Thyroid autoimmunity can also affect mood balance. The best way to know if this is a problem for you is to get tested and not just for TSH. Unfortunately fluoride in the water supply doubles your risk of developing hypothyroidism as its an antagonist to iodine. If you have any nutrient deficiencies you also will have impaired production of thyroid hormones i.e. Iron, Iodine, Tyrosine, Zinc, Selenium, Vitamin E, Vitamin B2, Vitamin B3, Vitamin B6, Vitamin C and Vitamin D. Other factors that also inhibit proper production include: Stress, infections, trauma, radiation, medications, fluoride, toxins such as pesticides, mercury, cadmium, lead and autoimmune disease such as celiacs. Now there is some good news there are facts that help improve thyroid sensitivity at the cellular level and these include Vitamin A, Exercise and Zinc. We can talk about reverse T3 (rT3) and T3 to T4 conversion another day., don’t want to overload you here.

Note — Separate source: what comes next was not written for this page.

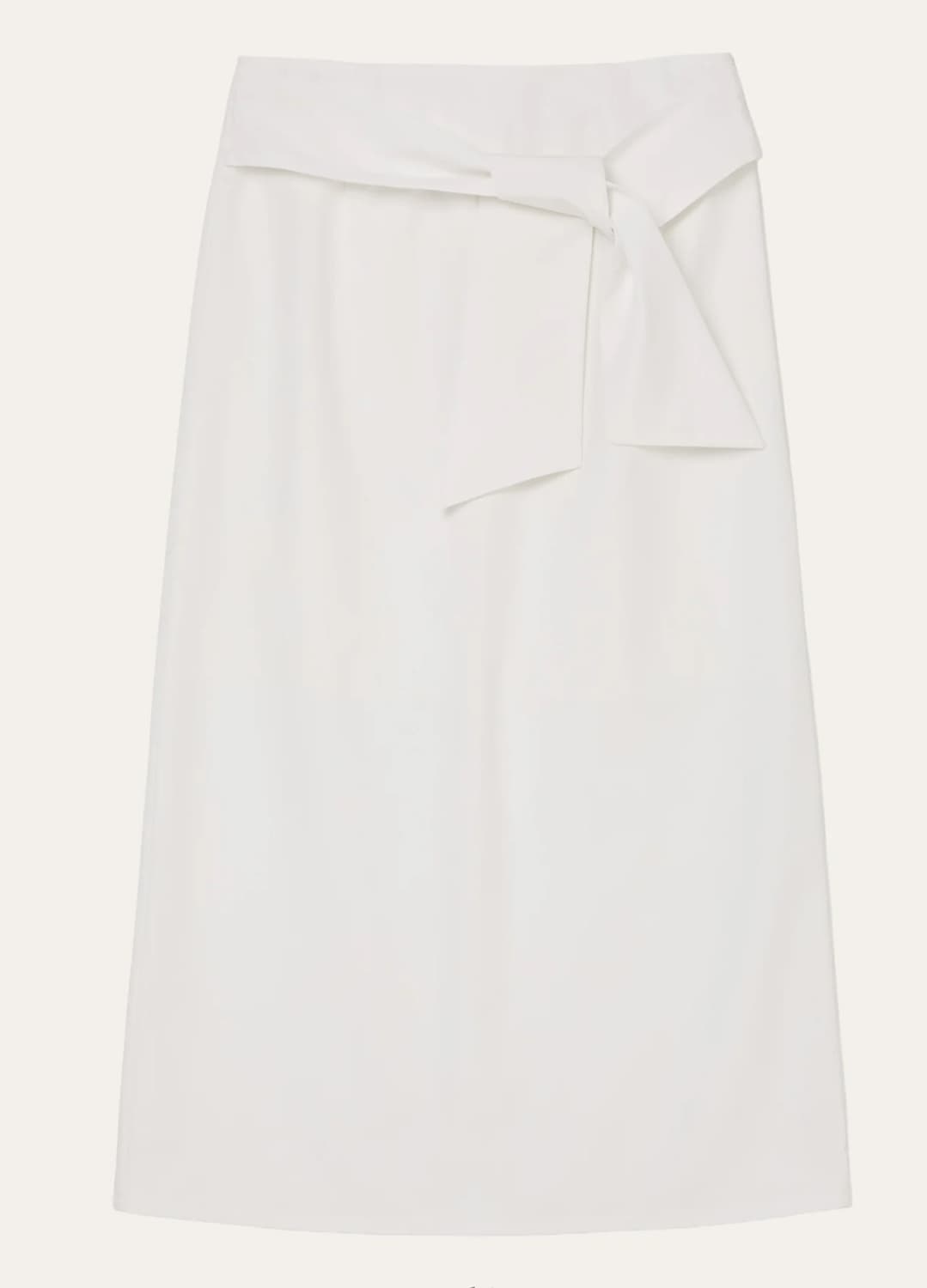 (새상품) 제니오 쉘 타이 롱스커트 상품이미지1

Think you might have one of these pretenders?

There is lots we can do about them so don’t feel overwhelmed by this information. Its intended to inform you; once you know what a problem is you can do something about it. The first step is knowing.

Your body’s ability to heal is greater than anyone permitted you to believe.

You are not broken or a victim to your genes. Your body is trying to get you back on track. You just need to find out what things you can do to put it in a healing position.